**** SUPPLIED ENTRIES ****

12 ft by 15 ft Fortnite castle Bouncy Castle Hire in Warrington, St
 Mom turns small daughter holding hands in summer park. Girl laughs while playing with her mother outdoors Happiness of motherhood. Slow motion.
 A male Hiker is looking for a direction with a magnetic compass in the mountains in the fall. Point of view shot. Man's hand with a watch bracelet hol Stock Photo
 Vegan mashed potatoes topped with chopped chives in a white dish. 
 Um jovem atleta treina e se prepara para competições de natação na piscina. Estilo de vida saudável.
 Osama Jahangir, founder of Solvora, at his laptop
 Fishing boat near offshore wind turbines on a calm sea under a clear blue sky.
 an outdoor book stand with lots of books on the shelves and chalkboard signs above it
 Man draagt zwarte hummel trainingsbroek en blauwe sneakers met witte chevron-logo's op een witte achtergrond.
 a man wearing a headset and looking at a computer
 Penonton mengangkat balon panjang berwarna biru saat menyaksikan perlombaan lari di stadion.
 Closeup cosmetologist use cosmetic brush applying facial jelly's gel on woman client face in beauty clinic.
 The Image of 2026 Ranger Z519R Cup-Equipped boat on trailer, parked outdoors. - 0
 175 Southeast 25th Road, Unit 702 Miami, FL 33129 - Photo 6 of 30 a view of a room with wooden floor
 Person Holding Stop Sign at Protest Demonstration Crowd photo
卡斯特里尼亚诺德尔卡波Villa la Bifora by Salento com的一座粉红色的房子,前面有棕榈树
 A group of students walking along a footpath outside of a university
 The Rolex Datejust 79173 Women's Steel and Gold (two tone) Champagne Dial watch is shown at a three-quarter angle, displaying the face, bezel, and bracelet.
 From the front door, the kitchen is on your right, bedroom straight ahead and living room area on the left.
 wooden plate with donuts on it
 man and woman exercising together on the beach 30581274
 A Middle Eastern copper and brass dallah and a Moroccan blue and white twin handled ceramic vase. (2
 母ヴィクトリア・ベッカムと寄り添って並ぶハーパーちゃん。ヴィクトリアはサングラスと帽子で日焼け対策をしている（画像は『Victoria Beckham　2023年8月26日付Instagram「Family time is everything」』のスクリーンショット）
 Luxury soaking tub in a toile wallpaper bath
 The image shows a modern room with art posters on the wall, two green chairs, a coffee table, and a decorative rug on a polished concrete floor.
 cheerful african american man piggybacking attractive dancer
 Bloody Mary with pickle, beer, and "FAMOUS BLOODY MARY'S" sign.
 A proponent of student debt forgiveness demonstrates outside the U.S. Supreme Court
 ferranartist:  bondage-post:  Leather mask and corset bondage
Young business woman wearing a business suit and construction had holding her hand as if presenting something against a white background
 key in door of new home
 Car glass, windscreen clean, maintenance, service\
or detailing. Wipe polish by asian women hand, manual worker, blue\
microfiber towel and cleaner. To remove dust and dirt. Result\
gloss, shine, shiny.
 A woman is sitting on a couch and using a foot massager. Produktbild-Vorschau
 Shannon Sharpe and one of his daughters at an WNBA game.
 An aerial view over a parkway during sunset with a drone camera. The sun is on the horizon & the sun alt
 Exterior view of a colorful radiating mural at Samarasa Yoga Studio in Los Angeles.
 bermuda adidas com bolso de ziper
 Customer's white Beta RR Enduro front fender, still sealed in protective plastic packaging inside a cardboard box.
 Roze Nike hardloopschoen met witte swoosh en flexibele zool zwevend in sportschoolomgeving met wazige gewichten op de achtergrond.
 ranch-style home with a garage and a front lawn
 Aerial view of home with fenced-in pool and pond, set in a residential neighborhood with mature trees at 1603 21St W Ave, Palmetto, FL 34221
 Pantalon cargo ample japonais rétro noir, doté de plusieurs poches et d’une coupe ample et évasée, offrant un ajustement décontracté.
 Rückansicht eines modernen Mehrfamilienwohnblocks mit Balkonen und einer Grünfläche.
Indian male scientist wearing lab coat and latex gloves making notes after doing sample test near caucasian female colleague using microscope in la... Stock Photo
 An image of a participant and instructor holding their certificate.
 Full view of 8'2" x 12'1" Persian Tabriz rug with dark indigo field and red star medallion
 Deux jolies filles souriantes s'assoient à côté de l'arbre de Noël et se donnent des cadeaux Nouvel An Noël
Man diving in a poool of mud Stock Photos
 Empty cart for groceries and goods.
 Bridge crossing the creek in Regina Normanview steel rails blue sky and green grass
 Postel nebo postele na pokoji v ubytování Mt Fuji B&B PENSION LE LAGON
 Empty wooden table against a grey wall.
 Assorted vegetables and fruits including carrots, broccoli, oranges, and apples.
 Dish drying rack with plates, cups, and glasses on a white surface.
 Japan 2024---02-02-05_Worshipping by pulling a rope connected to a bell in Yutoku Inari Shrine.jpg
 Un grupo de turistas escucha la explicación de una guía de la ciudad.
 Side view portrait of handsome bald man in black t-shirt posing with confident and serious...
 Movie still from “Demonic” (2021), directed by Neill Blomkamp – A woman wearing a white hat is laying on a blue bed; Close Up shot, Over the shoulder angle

****

Your task for the entries above: copy exactly the span starting with the line with "Roze Nike hardloopschoen" and going on through the line with "ranch-style home with", both lines included, and nothing else.

 Roze Nike hardloopschoen met witte swoosh en flexibele zool zwevend in sportschoolomgeving met wazige gewichten op de achtergrond.
 ranch-style home with a garage and a front lawn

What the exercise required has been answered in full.